Brief descriptive captions
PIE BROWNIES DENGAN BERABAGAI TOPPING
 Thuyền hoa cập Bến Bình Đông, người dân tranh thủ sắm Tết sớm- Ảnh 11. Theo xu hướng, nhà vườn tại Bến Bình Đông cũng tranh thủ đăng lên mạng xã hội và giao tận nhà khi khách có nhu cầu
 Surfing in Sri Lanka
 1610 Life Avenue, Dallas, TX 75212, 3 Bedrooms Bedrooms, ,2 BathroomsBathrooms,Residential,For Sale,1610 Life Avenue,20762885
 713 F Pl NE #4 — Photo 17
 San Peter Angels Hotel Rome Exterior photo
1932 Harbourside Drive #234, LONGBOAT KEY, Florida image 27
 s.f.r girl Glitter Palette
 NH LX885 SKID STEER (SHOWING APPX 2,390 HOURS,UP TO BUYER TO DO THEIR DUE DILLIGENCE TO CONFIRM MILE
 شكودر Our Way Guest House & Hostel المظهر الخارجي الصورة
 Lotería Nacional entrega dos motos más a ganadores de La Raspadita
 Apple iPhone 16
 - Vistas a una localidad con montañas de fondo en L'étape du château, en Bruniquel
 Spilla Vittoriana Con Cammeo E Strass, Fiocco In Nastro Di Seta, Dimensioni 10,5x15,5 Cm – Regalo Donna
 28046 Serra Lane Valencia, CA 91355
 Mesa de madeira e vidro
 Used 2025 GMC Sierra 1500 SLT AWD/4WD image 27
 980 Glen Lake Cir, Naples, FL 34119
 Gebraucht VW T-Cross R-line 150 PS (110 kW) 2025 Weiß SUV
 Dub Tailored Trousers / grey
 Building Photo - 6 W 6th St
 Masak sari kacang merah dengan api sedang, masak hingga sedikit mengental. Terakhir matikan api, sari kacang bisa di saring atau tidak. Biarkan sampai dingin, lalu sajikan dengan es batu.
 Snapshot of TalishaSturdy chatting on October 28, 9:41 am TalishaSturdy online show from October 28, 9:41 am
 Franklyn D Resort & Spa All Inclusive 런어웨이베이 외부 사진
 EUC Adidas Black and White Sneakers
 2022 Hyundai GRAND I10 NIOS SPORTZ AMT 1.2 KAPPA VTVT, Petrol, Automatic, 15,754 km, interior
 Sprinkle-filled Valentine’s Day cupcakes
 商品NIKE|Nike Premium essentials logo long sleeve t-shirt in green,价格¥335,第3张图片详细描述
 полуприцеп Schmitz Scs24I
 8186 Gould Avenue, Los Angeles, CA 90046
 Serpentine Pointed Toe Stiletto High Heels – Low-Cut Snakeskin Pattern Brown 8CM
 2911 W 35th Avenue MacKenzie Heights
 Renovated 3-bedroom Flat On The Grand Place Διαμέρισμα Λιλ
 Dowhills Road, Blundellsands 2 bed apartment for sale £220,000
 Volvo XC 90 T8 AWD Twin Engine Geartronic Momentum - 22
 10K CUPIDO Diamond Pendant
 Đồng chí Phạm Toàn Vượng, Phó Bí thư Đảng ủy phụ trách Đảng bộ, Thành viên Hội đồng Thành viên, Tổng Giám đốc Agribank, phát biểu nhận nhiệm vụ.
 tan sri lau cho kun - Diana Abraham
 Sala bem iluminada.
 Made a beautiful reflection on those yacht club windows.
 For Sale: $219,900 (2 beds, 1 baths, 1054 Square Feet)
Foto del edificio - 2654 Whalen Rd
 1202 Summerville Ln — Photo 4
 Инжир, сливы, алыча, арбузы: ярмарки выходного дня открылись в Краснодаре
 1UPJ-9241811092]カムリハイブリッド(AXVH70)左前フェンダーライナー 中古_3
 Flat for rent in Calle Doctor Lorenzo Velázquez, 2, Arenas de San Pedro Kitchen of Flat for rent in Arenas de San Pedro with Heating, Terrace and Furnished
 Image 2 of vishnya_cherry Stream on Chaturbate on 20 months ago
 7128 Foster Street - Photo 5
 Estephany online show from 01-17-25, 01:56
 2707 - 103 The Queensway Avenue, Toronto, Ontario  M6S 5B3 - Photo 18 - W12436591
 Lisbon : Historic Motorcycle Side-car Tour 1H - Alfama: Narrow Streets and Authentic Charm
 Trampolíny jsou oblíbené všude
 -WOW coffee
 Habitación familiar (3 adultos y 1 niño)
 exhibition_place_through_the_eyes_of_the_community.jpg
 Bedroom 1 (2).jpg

» **Directions**
Reproduce each record shown above without altering a single word.

» **Written solution**
PIE BROWNIES DENGAN BERABAGAI TOPPING
 Thuyền hoa cập Bến Bình Đông, người dân tranh thủ sắm Tết sớm- Ảnh 11. Theo xu hướng, nhà vườn tại Bến Bình Đông cũng tranh thủ đăng lên mạng xã hội và giao tận nhà khi khách có nhu cầu
 Surfing in Sri Lanka
 1610 Life Avenue, Dallas, TX 75212, 3 Bedrooms Bedrooms, ,2 BathroomsBathrooms,Residential,For Sale,1610 Life Avenue,20762885
 713 F Pl NE #4 — Photo 17
 San Peter Angels Hotel Rome Exterior photo
1932 Harbourside Drive #234, LONGBOAT KEY, Florida image 27
 s.f.r girl Glitter Palette
 NH LX885 SKID STEER (SHOWING APPX 2,390 HOURS,UP TO BUYER TO DO THEIR DUE DILLIGENCE TO CONFIRM MILE
 شكودر Our Way Guest House & Hostel المظهر الخارجي الصورة
 Lotería Nacional entrega dos motos más a ganadores de La Raspadita
 Apple iPhone 16
 - Vistas a una localidad con montañas de fondo en L'étape du château, en Bruniquel
 Spilla Vittoriana Con Cammeo E Strass, Fiocco In Nastro Di Seta, Dimensioni 10,5x15,5 Cm – Regalo Donna
 28046 Serra Lane Valencia, CA 91355
 Mesa de madeira e vidro
 Used 2025 GMC Sierra 1500 SLT AWD/4WD image 27
 980 Glen Lake Cir, Naples, FL 34119
 Gebraucht VW T-Cross R-line 150 PS (110 kW) 2025 Weiß SUV
 Dub Tailored Trousers / grey
 Building Photo - 6 W 6th St
 Masak sari kacang merah dengan api sedang, masak hingga sedikit mengental. Terakhir matikan api, sari kacang bisa di saring atau tidak. Biarkan sampai dingin, lalu sajikan dengan es batu.
 Snapshot of TalishaSturdy chatting on October 28, 9:41 am TalishaSturdy online show from October 28, 9:41 am
 Franklyn D Resort & Spa All Inclusive 런어웨이베이 외부 사진
 EUC Adidas Black and White Sneakers
 2022 Hyundai GRAND I10 NIOS SPORTZ AMT 1.2 KAPPA VTVT, Petrol, Automatic, 15,754 km, interior
 Sprinkle-filled Valentine’s Day cupcakes
 商品NIKE|Nike Premium essentials logo long sleeve t-shirt in green,价格¥335,第3张图片详细描述
 полуприцеп Schmitz Scs24I
 8186 Gould Avenue, Los Angeles, CA 90046
 Serpentine Pointed Toe Stiletto High Heels – Low-Cut Snakeskin Pattern Brown 8CM
 2911 W 35th Avenue MacKenzie Heights
 Renovated 3-bedroom Flat On The Grand Place Διαμέρισμα Λιλ
 Dowhills Road, Blundellsands 2 bed apartment for sale £220,000
 Volvo XC 90 T8 AWD Twin Engine Geartronic Momentum - 22
 10K CUPIDO Diamond Pendant
 Đồng chí Phạm Toàn Vượng, Phó Bí thư Đảng ủy phụ trách Đảng bộ, Thành viên Hội đồng Thành viên, Tổng Giám đốc Agribank, phát biểu nhận nhiệm vụ.
 tan sri lau cho kun - Diana Abraham
 Sala bem iluminada.
 Made a beautiful reflection on those yacht club windows.
 For Sale: $219,900 (2 beds, 1 baths, 1054 Square Feet)
Foto del edificio - 2654 Whalen Rd
 1202 Summerville Ln — Photo 4
 Инжир, сливы, алыча, арбузы: ярмарки выходного дня открылись в Краснодаре
 1UPJ-9241811092]カムリハイブリッド(AXVH70)左前フェンダーライナー 中古_3
 Flat for rent in Calle Doctor Lorenzo Velázquez, 2, Arenas de San Pedro Kitchen of Flat for rent in Arenas de San Pedro with Heating, Terrace and Furnished
 Image 2 of vishnya_cherry Stream on Chaturbate on 20 months ago
 7128 Foster Street - Photo 5
 Estephany online show from 01-17-25, 01:56
 2707 - 103 The Queensway Avenue, Toronto, Ontario  M6S 5B3 - Photo 18 - W12436591
 Lisbon : Historic Motorcycle Side-car Tour 1H - Alfama: Narrow Streets and Authentic Charm
 Trampolíny jsou oblíbené všude
 -WOW coffee
 Habitación familiar (3 adultos y 1 niño)
 exhibition_place_through_the_eyes_of_the_community.jpg
 Bedroom 1 (2).jpg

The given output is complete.